# sCRN implementation of the Brusselator as a reaction-diffusion system
#
# The classical Brusselator (cf Wikipedia) is described as
#    A ->{1} X
#    X + X + Y ->{1} X + X + X
#    B + X ->{1} Y + D
#    X ->{1} E
#
# where all rate constants are 1 (with units relative to nM and s),
# A is held at concentration 1 (nM), and B is held at concentration 3 (nM).
# So the first reaction occurs at rate (1 nM)(1 /s), and the
# second reaction occurs at rate [X]^2 [Y] (1 /nM/nM/s), etc.
# In bulk mass-action ODE simulations, this oscillates with a period of
# about 8 seconds, with concentrations of X between 0.5 and 3.5 nM, and
# Y between 1 and 4.5 nM.  Henceforth, the reservoir species A, B, D, E
# will be factored directly into rate constants and otherwise ignored.
#
# To implement this as a surface CRN, there are three challenges: (1) to
# accommodate the fact that surface CRNs use only unimolecular and
# bimolecular reactions, (2) to translate from bulk ODE semantics to
# stochastic semantics, and (3) to address differences between well-mixed
# solutions and spatially-organized surfaces.  We won't be concerned about
# achieving an exact quantitative match; we just want to ensure that we
# stay within the qualitative oscillatory regime.
#
# To address the first challenge, we will approximate the trimolecular reaction via
#    X + X ->{10} XX
#    XX ->{20} X + X
# to establish a reasonably pseudoequilibrium where [XX] is proportional to [X]^2,
# plus the actual catalytic reaction
#    XX + Y ->{1} XX + X
# whose effective rate will therefore scale as [X]^2 [Y] as desired (roughly).
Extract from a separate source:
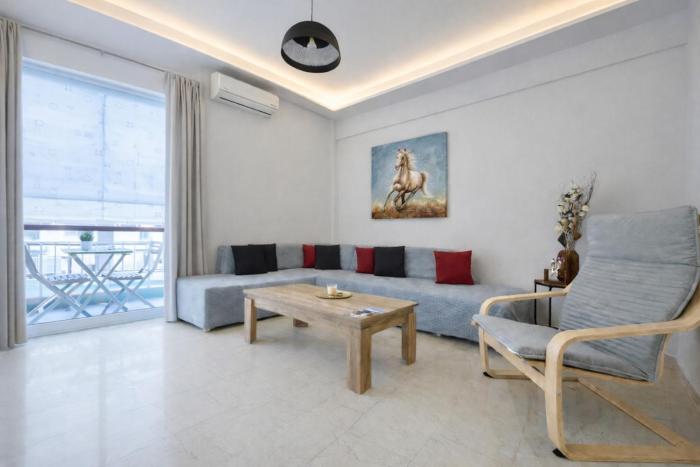 J&N Exclusive living by ΜΡS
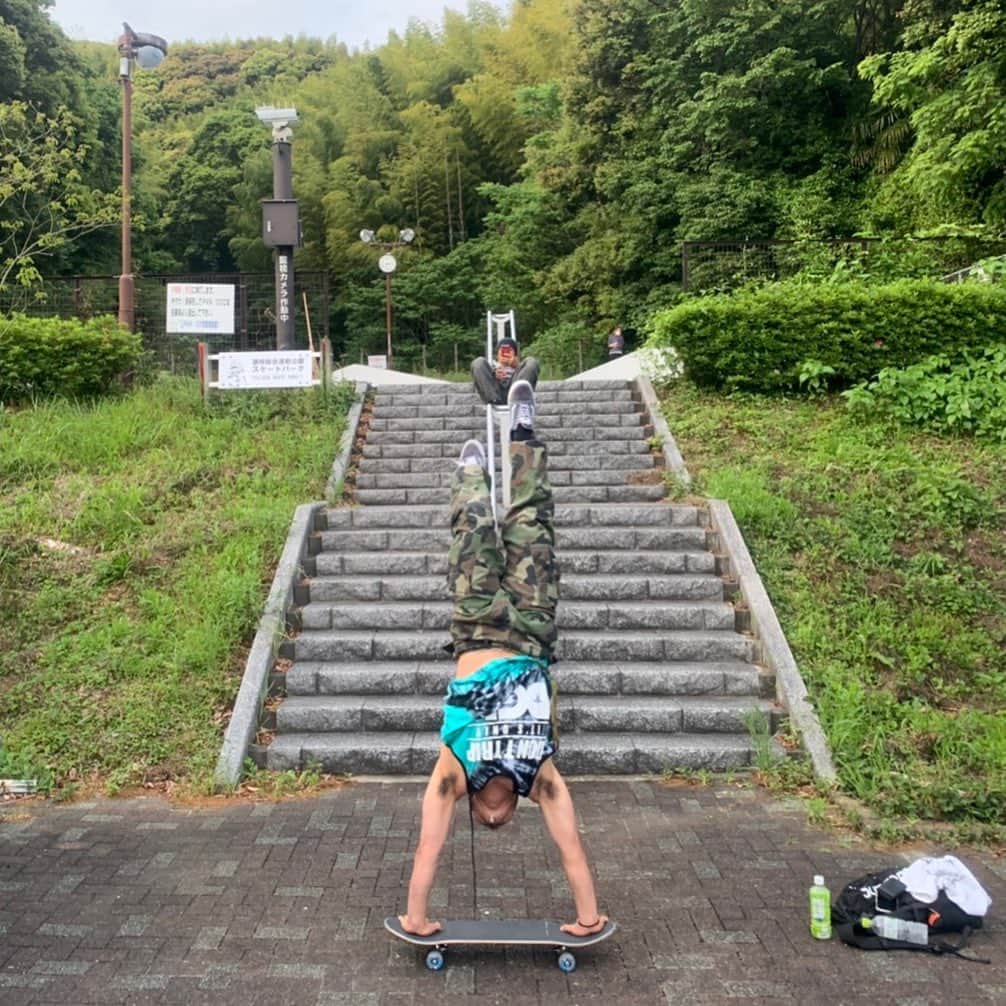 ジュンペイのインスタグラム：「. sk8 . スノーボードのオフトレくらいの感覚で始めたのに . 意外とガチでハマってる . とりあえず出来る事からやってみた . って事でハンドスタンド🛹 . #スケボー #skateboard #スケボー男子 #sk8 #スケーター #skater #スケーターと繋がりたい #ハンドスタンド #dgk #thunder #spitfire #ninja」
# In deterministic mass action, this oscillates with period roughly 18 seconds,
# and max concentrations of roughly 2 for X and XX, and 10 for Y.
#
# To address the second challenge, we must first acknowledge that
# for Gillespie simulations of well-mixed finite volumes, the rate constants
# are by convention given in units relative to counts and seconds (rather than
# e.g. nM and seconds).  This way, the propensity rho for a reaction (that is,
# how many reaction events per second occur in the entire volume) can be
# computed directly from the counts of the reactions, e.g. rho = k (#XX) (#Y)
# for the reaction XX + Y ->{k} XX + X.  Thus, stochastic rate constants
# numerically depend on the volume of the system being simulated.  It so
# happens that for a unit volume of 1.66 fL, the numerical values of rate
# constants relative to nM are identical to those relative to counts.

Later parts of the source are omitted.